The Lost Finale: All of This Matters

The Lost Finale: All of This Matters

Obviously, you’re going to find some spoilers down there. Don’t read if you haven’t watched.

Lost has a knack for making us hate it. I don’t mean that we “love to hate it,” but that fans of Lost often want so badly to unabashedly love the show, to embrace it, to let it wash over us, but find it throwing wrenches into that plan every step of the way. Paradoxically, this is why I love Lost, and it’s why, after a good night’s sleep and a little bit of processing, I think I loved Lost’s finale.

Does this all sound familiar? Because it should – it’s how we often feel about life. How many times have we simply wanted to accept this life – to let go? And yet we find that even this is a chore. At the end of one of our days is a seemingly pointless death or a maddening cliff-hanger, followed only by a black screen. We want answers, but they never arrive. We strive and struggle, day in and day out, to figure it all out. Who are the good guys? Who are the bad guys? What is the point of all of this? Did I just see my dead father?

And so, we watch television, we watch movies, we read books, and we enjoy getting answers from them. They give us life lessons, resolution, and in a sense, they give us a little bit of peace.

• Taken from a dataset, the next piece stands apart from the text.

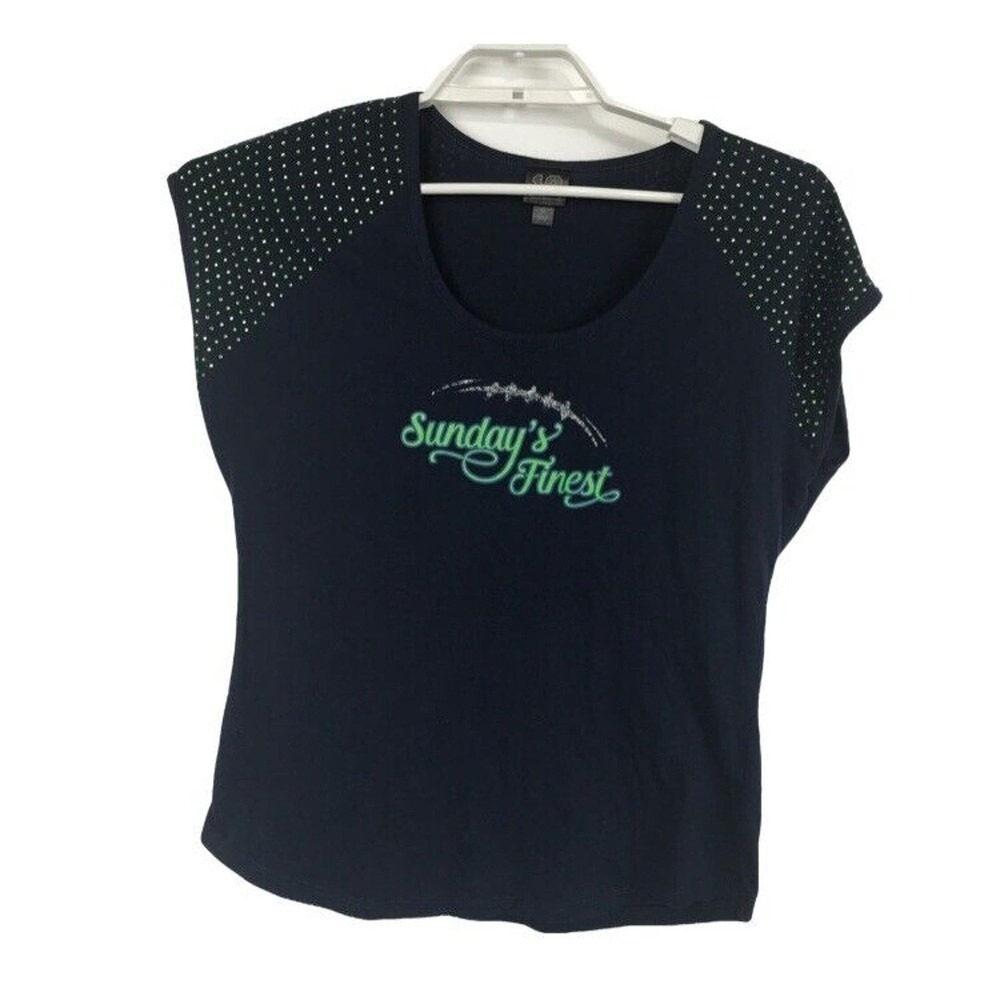 Lady 12 Sundays Finest Seattle Seahawks Embellished Top Size Med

And then there was Lost, the show with so much promise. We were drawn in for the mystery, but we stayed for the characters. We thought sawyer was probably a bad guy, until we grew to love him. We thought Jack was a jerk, until we got to know him. Kate we pretty much disliked until the very end. I guess you could say they were our friends, but more accurately, they were like our friends. Or at least, they were like those around us. And they were like us.

After last night, it’s clear that Lost is a show about community, and how redemption is impossible without it. Though we often wanted it to be about something else, it was always a show about the characters, and their relationships to one another. Even more, it’s about what happens when those relationships are forced to grapple together with the implications of incomprehensible mystery, pain, and loss.

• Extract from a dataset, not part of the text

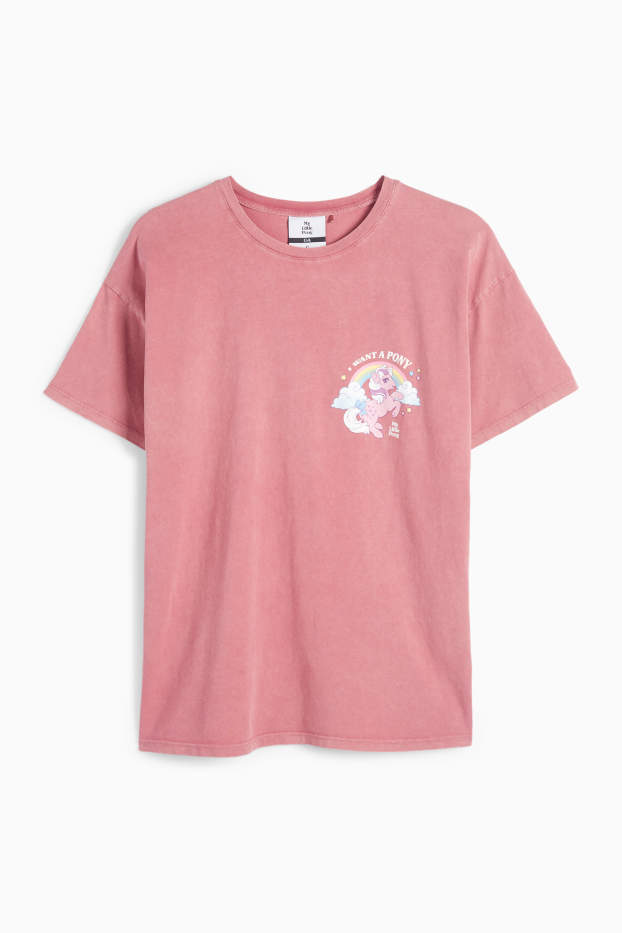 Femei - Tricou - supradimensionat - Micul meu ponei - roz închis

And so that’s what we did. We watched the show with the people around us, we discussed it with them, and we shared our own insight into the show. One of us may have been familiar with one of the books on the show and one of us may have been familiar with one of the philosopher’s that a character was named after. One of us may have had a crazy dream that explained it all. Oh, and there’s always one guy who has the HDTV. He’s important too.

The experience of Lost can be summed up in one phrase: Live together, or watch alone.

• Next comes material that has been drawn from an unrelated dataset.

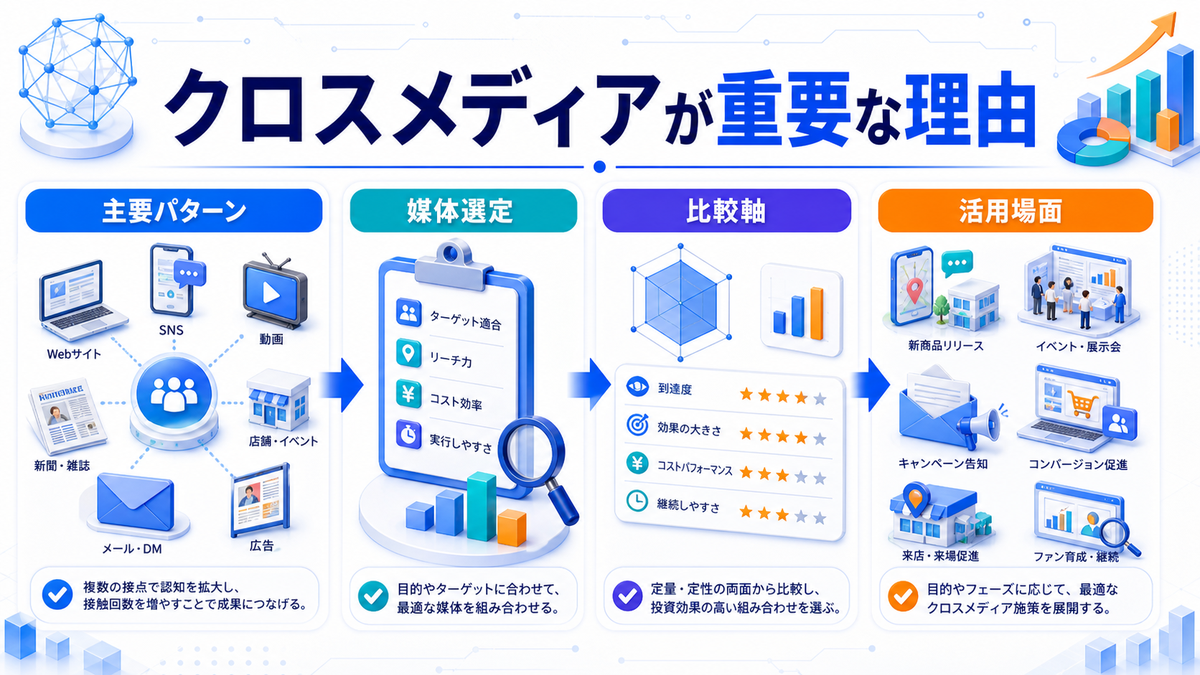 クロスメディアマーケティングとは？媒体連携の設計とライバルマーケティング広告 クロスメディアマーケティングが重要な理由 Image 2.0図解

The finale beautifully brought all of these themes to the forefront. As each character remembered one another, we remembered the series ourselves, and how much it meant to us. These sequences were shameless, self-indulgent, and absolutely earned.

If there is any complaint that can be had about the finale it is this: that the final scene undermines everything else that happened throughout the series. On the contrary, just as Desmond says (and these words are the key to the entire show), “There are no shortcuts, no do-overs – what happened, happened. All of this matters.” Though they may find themselves in another place now, that other place was shaped by their life then. Their moments of resolution in their first life may have seemed to come too late for them to matter, but that just stands to give even more importance to their existence after death.

It’s a brave story to tell in a culture that oscillates between declaring that the here and now as all there is, and insisting that the spiritual is all that matters.

For the Christian – and it appears, for Lost and its viewers – the spiritual and the physical, the life now and the life after life, our own struggles and the struggles of others – they all matter. All of this matters. And the mysteries throughout? We’ll find out the answers if and when we need to know them.